Ce n'est pas le premier manifeste qui surgit, à l'approche des élections, pour relancer l'intégration de la zone euro. En fin d'année dernière, des universitaires allemands, proches de la CDU et du SPD (les deux partis au pouvoir en Allemagne), connus sous le nom du « groupe de Glienicke », avaient déjà publié un texte allant dans cette direction, jugeant qu'« aucune des crises qui sous-tendent celle de l'euro n'est résolue, ni de près, ni de loin », et s'inquiétant de « la radicalisation du spectre politique » dans les pays en crise.

Une initiative symétrique, côté français, orchestrée notamment par l'eurodéputée Sylvie Goulard, a vu le jour en début d'année, sous le nom de « groupe Eiffel ». Des universitaires et journalistes français (Thomas Piketty, Pierre Rosanvallon, Xavier Timbeau, Guillaume Duval, etc.) ont quant à eux publié en février un manifeste pour une union politique de l'euro, partant du principe que « rien ne serait plus faux que de s'imaginer que le plus dur est derrière nous ». 

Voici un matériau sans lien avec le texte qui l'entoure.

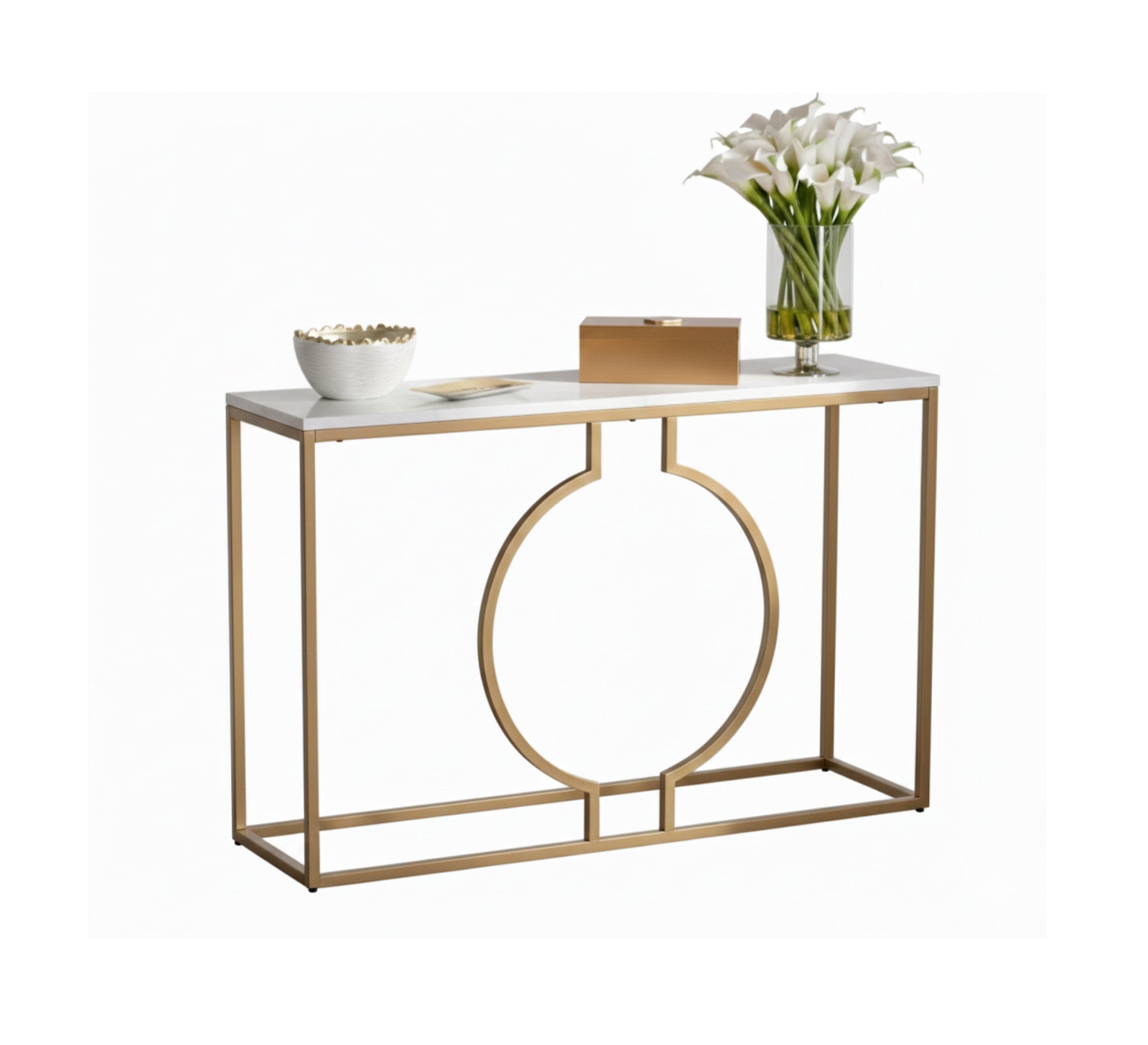 Console with a marble top resting on a metal chassis - Vitrine Furniture - Furniture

Toutes ces initiatives, restées plus ou moins confidentielles, partagent une analyse forte : la crise que traverse l'Union n'est pas seulement économique, mais elle touche aux fondements mêmes de son projet politique (voir les passages en force de la « Troïka », ou le durcissement du régime hongrois). L'appel du groupe Euro2030 est toutefois un peu différent. D'abord parce qu'il émane du cœur de la machine bruxelloise – la démarche est rare. Ensuite parce qu'il veut aller plus loin qu'une simple déclaration politique, et avance des propositions très précises, y compris sur le terrain social, pour sortir du statu quo actuel.

Les auteurs plaident pour une « union de l'euro », qui doterait la zone euro d'un budget propre et d'un ministre des finances. Le parlement européen verrait ses pouvoirs renforcés : il obtiendrait le pouvoir de proposer des lois (monopole, jusqu'à présent, de la commission), et les indemnités de ses eurodéputés seraient liées à leur travail en session plénière, à Strasbourg, mais aussi au sein des commissions à Bruxelles (où se fait l'essentiel du travail législatif).
La commission, elle, deviendrait un gouvernement plus politique, avec un nombre restreint de commissaires (une règle informelle veut aujourd'hui que chaque État membre ait son commissaire, soit 28 au total). Quant au conseil européen (dont le poids pendant la gestion de la crise a été beaucoup critiqué), il se transformerait en un sénat au rôle rétréci. Ils proposent aussi la fin d'une présidence tournante de l'UE, assurée par un État membre tous les six mois et qui, de l'avis général, ne sert plus à grand-chose.